When the news broke that the UK company, Vodafone, was bidding for Eircell, it was clear that a break up of Eircom was on the cards. The expected bid by Mr Denis O'Brien for Eircom's fixed-line business brings this prospect into sharper focus. The move by Mr O'Brien has created further uncertainty about who will control telecommunications in the Republic, as the sector moves to the new era when companies plan to deliver a range of services to customers in their homes, or on their mobile phones.
Mr O'Brien, who recently departed from Esat Telecom after its sale to British Telecom, was a trenchant critic of the old Telecom Eireann. It was his drive and ambition which set Esat on the path to becoming a force in the telecommunications market and created real competition. Most agree that his decision to sell to British Telecom last year was a timely move. So what is he doing now trying to get involved again?
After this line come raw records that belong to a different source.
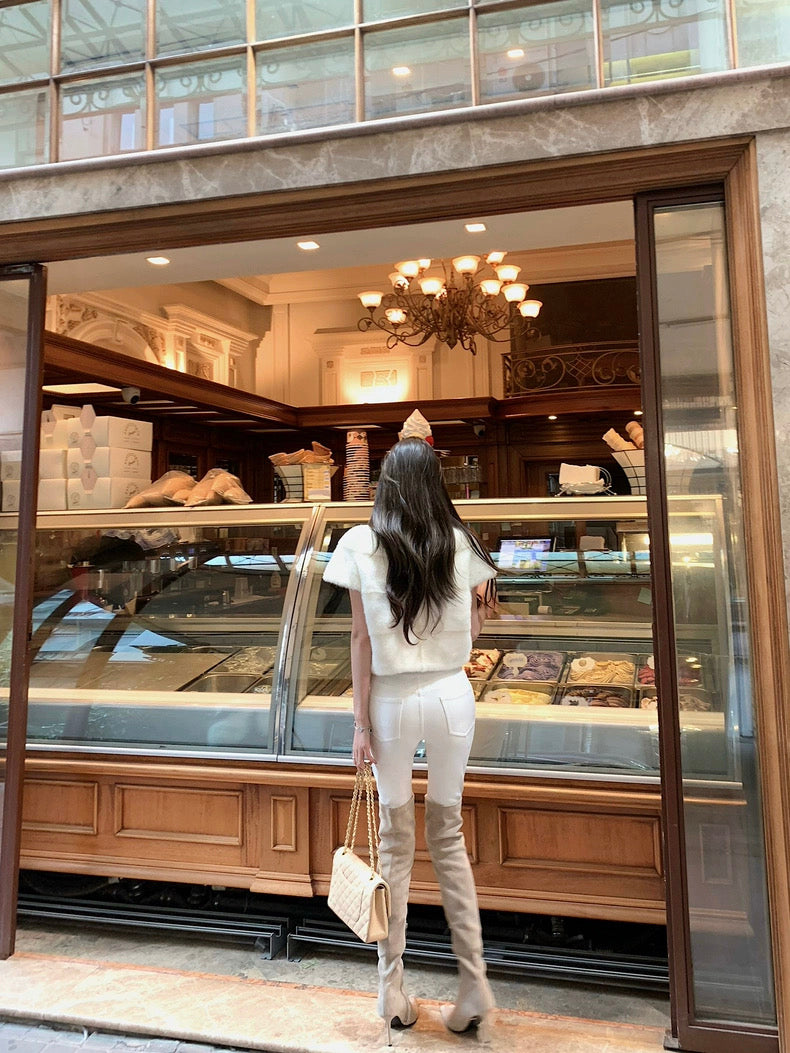 Polar Halo Pelzmantel mit Reißverschluss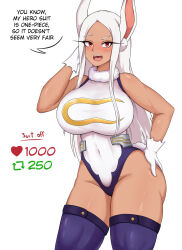 Rule 34 | 1girl, absurdres, animal ears, arm behind head, bare shoulders, boku no hero academia, breasts, commentary, covered navel, crescent print, dark-skinned female, dark skin, english commentary, english text, fur collar, gloves, hand on own ass, highleg, highleg leotard, highres, large breasts, leotard, like and retweet, long eyelashes, long hair, looking at viewer, meme, mirko, open mouth, parted bangs, purple thighhighs, rabbit ears, rabbit girl, rabbit tail, raised eyebrow, red eyes, sleeptopi, sleeveless turtleneck leotard, solo, tail, taut leotard, teeth, thick thighs, thighhighs, thighs, toned, twitter strip game (meme), upper teeth only, white background, white gloves, white hair, white leotard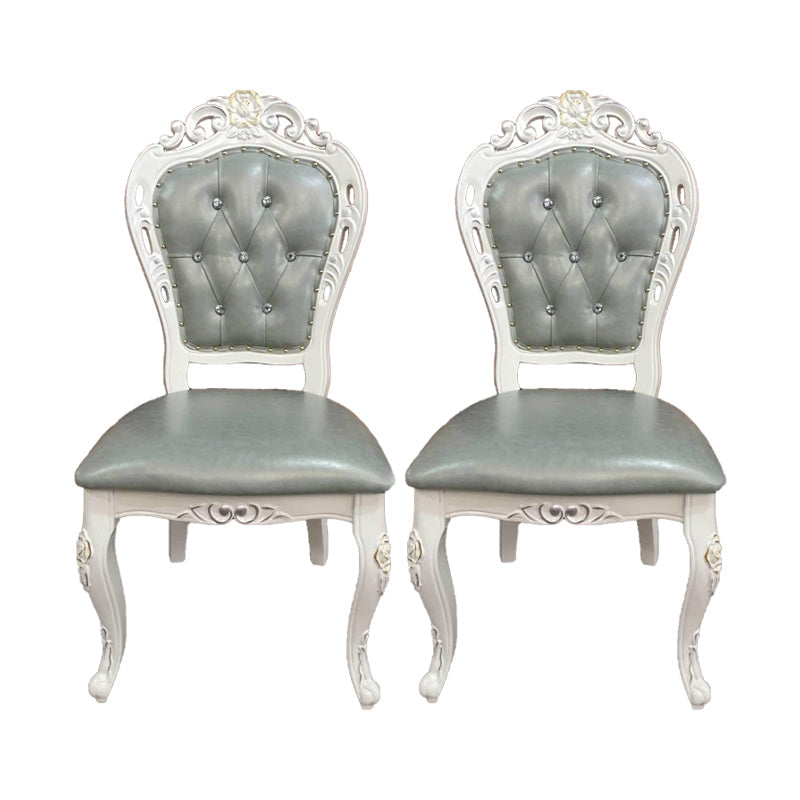 Victorian Rubberwood King Louis Back Chair Matte Finish Leather Dining Chair (Set of 2) Aqua Clearhalo ' kitchen&dining_furn' 'Dining Chairs' 'Dining Tables & Seating' 'dining_chair' 'furn' 'furn_dining_chair' 'Furniture' 'furniture_dining_chair' 'Kitchen & Dining Furniture' 'kitchen' 4128871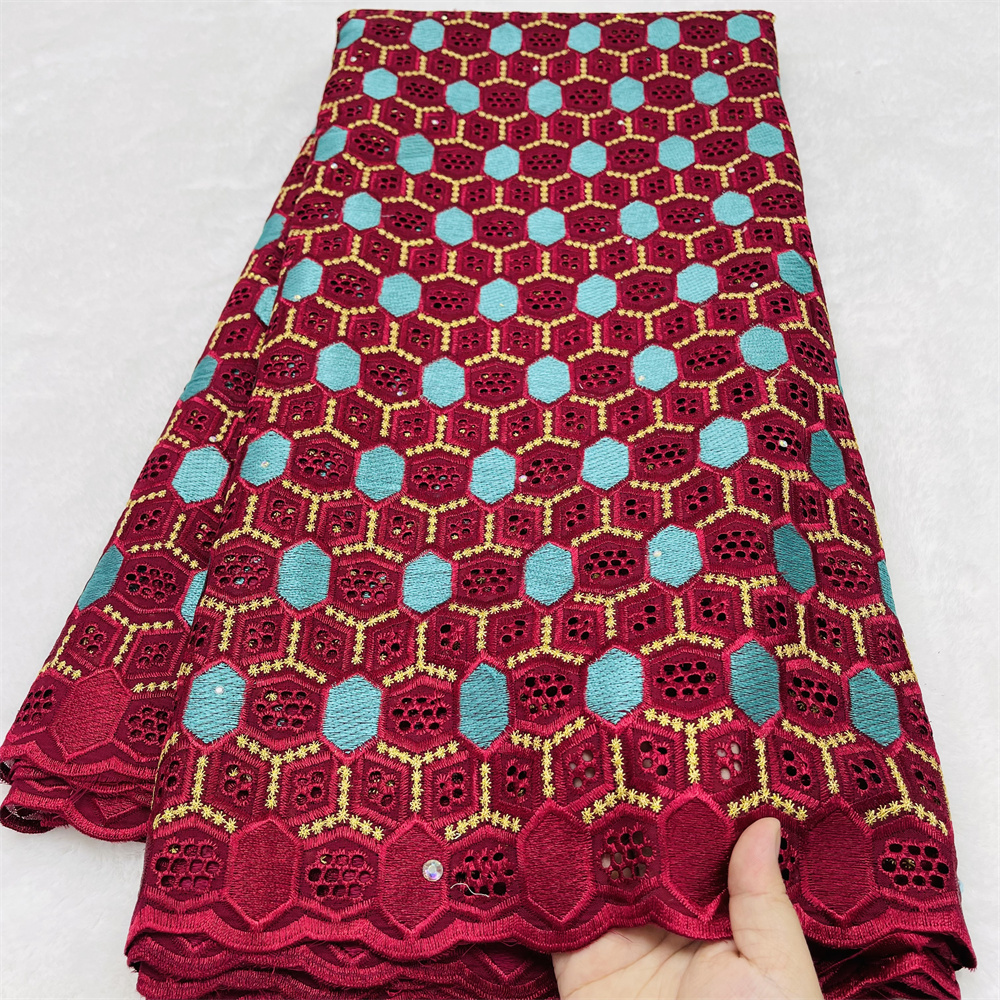 Tissu africain en voile suisse 100 % coton de luxe pour robes de mariée et de soirée, élégant et orné de pierres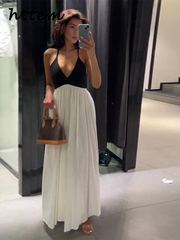 JazzHer Elegant Spliced Sling Long Dress Women Sexy Deep V Neck Backless Sleeveless Contrast Party Dresses 2024 Summer Lady Evening Robe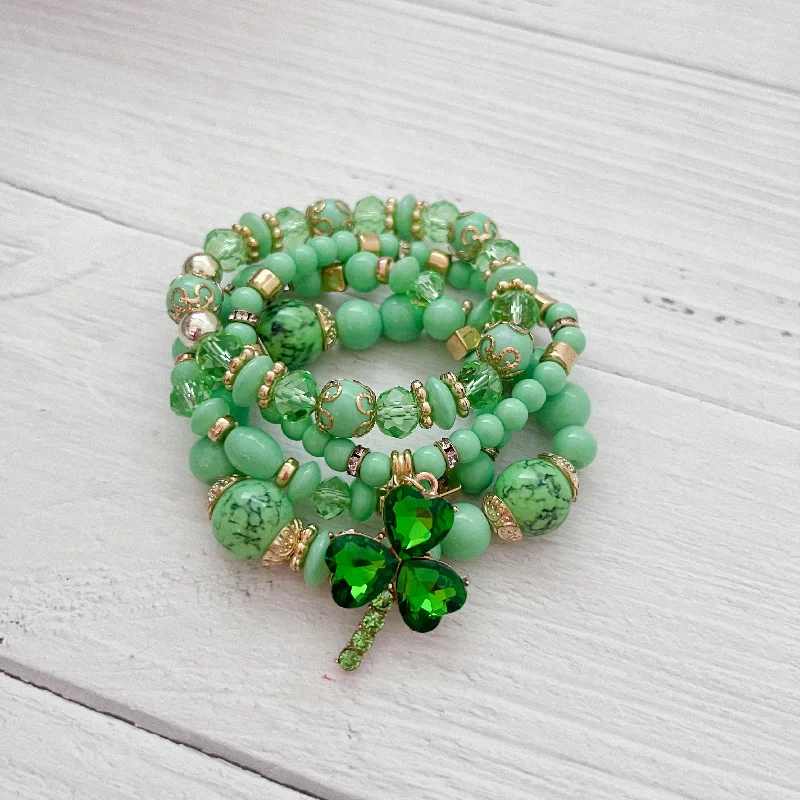 trendy bangles for women -Macaron Mint Rhinestone Shamrock Bracelet Set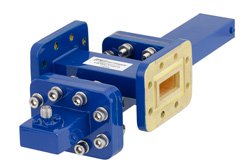 WR-90 Waveguide 30 dB Crossguide Coupler, CPR-90G Flange, SMA Female Coupled Port, 8.2 GHz to 12.4 GHz, Bronze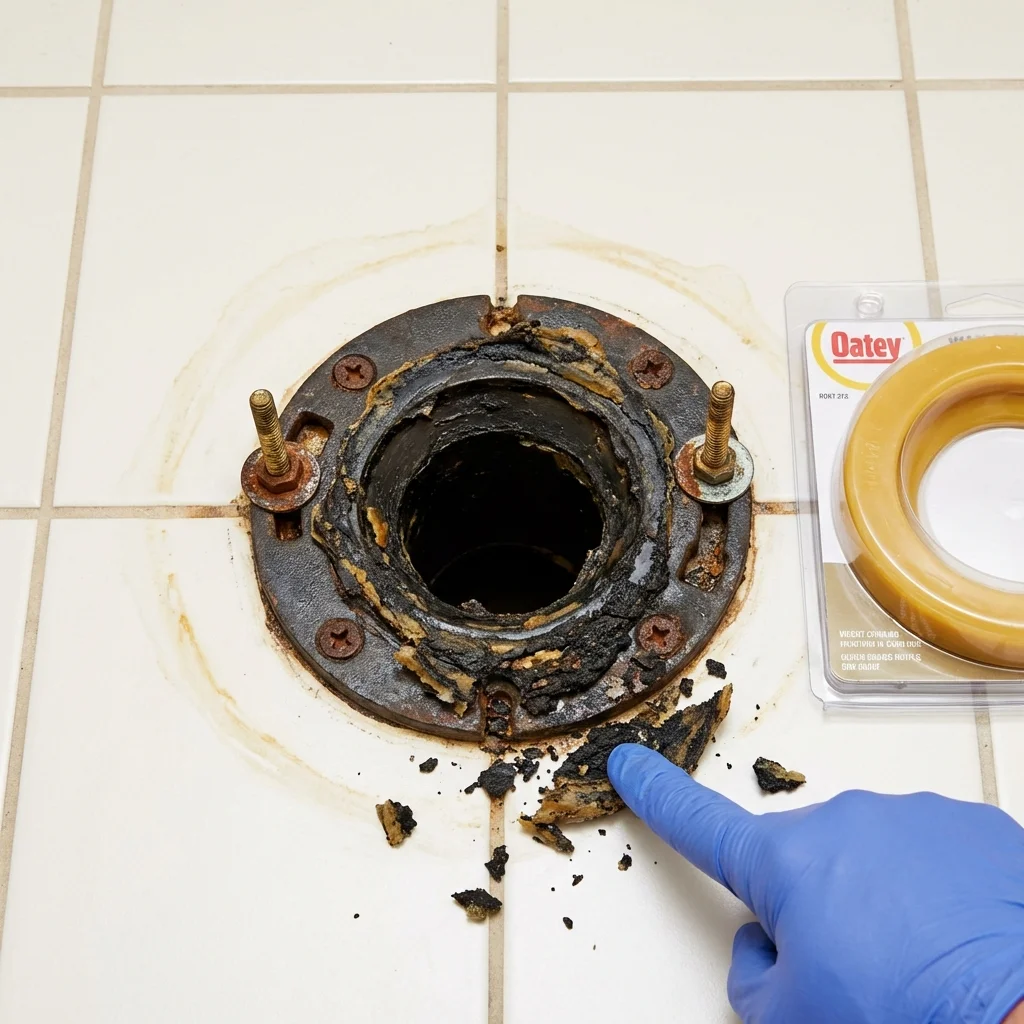 Failed wax ring showing water seepage at the base of a toilet in a Millville, UT home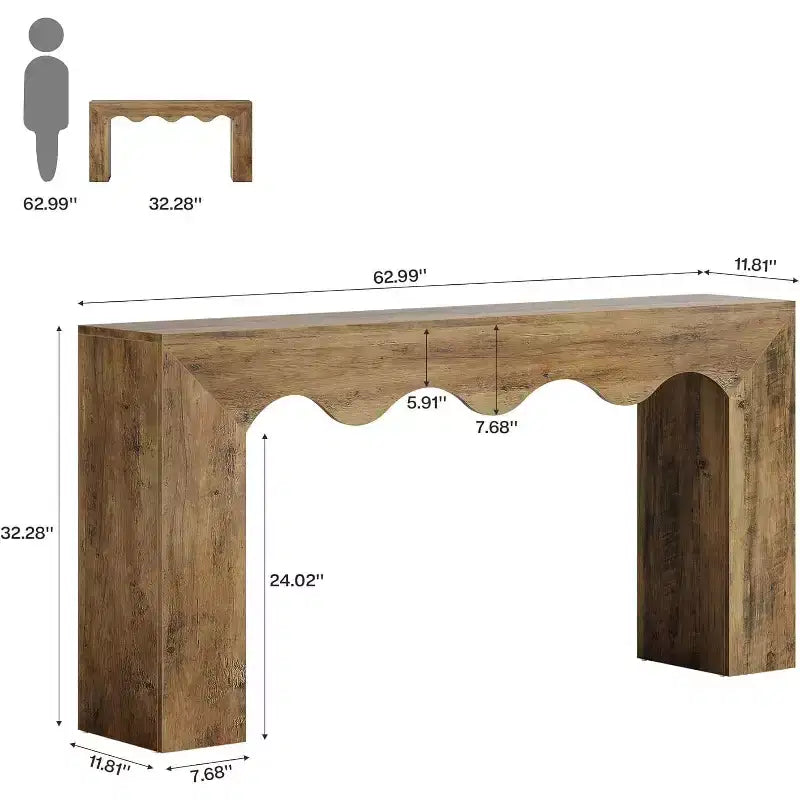 Lantine - Console de ferme de 160 cm, table de canapé en bois avec rangement, meuble d'entrée étroit et long pour couloir et salon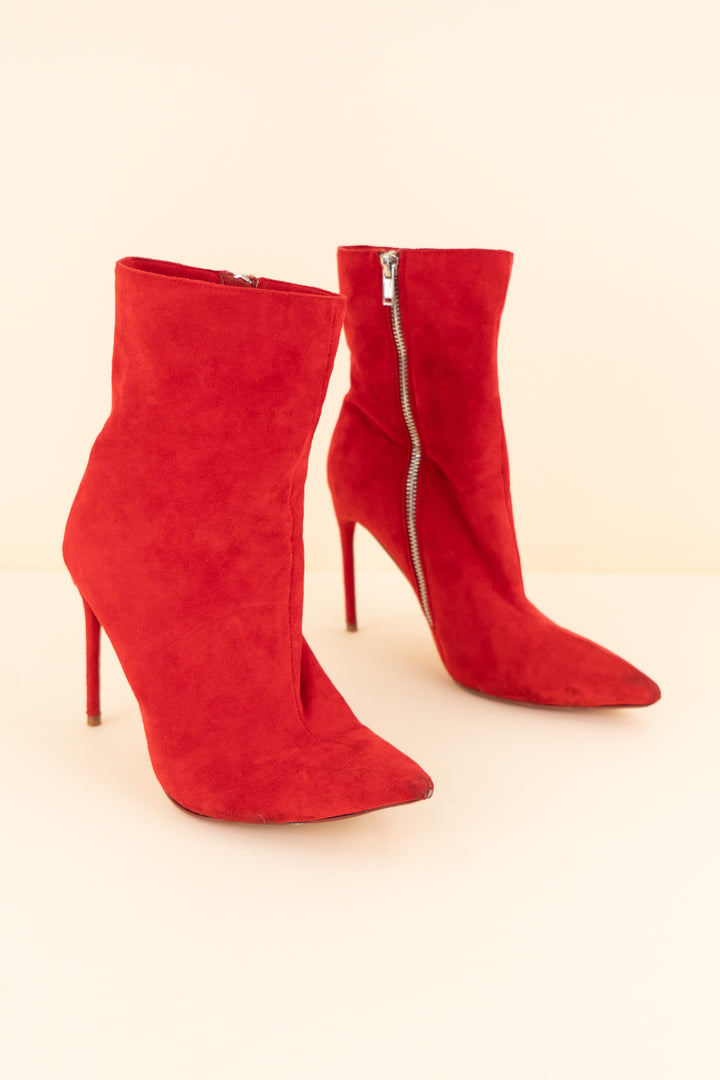 mistress rocks red suede pointed toe heeled ankle booties (38)
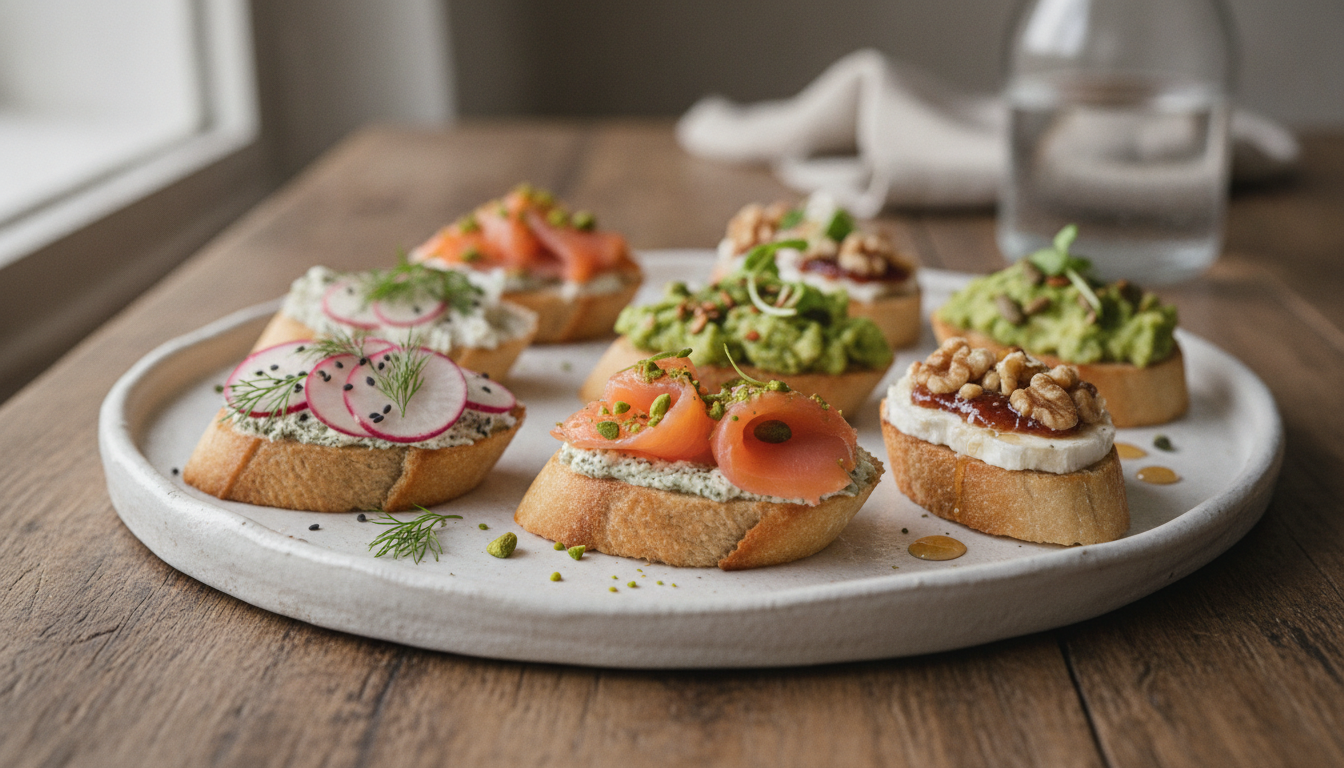 découvrez notre recette facile de mini-tartines gourmandes au fromage frais, parfaites pour des apéritifs savoureux et rapides à préparer.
Mobile telephony may be the "sexy" end of the telecommunications market, with the promise of a new generation of handsets which will deliver a range of information and services. But Eircom's fixed-line operation - which supplies the main residential and business telephone market - still remains a large and profitable business. Last year, it had a turnover of €1.7 billion (£1.34 billion) and profits before interest, depreciation and tax of €660 million (£520 million).
With 1.6 million customers, it has valuable access to the bulk of the households in the Republic. It will face new competition in this area from the likes of cable company NTL, but equally new technology will also make it possible to deliver a range of multimedia services down old copper phone lines into homes and businesses.
Mr O'Brien has yet to launch his bid, but is thought likely to offer around €2.2 billion (£1.7 billion). This does not appear to fully value Eircom's fixed-line asset. Analysts believe that a price closer to €3 billion (£2.4 billion) would be a fairer value. His bid comes in a key period, with talks on a sale of Eircell to Vodafone well advanced. He may hope that shareholders will vote on the two deals at the same time and might approve them both, in an attempt to get a decent return on what has looked for the last few months as a bad investment. However shareholders would be well advised to judge each offer separately; as yet we do not know the full details of either.
The Eircom board appears to have decided - contingent on the final terms - to sell Eircell off to Vodafone. But if the board decides not to recommend Mr O'Brien's offer, then they will have to put forward an alternative strategy aimed at gaining a strong return from the fixed-line business. They must also plot a strategy for Eircom's multimedia interests, which may be sold or floated separately.
The decision to sell Eircell was a complete turnaround by Eircom and an apparent admission that the company could not develop independently. Now the Eircom board, facing the somewhat opportunistic move by Mr O'Brien, is under pressure to decide on the future of their traditional fixed-line business. The decisions it makes will be driven to a large extent by the short-term demands of shareholders. But they will also influence the future of the entire telecommunications industry in the Republic for years to come.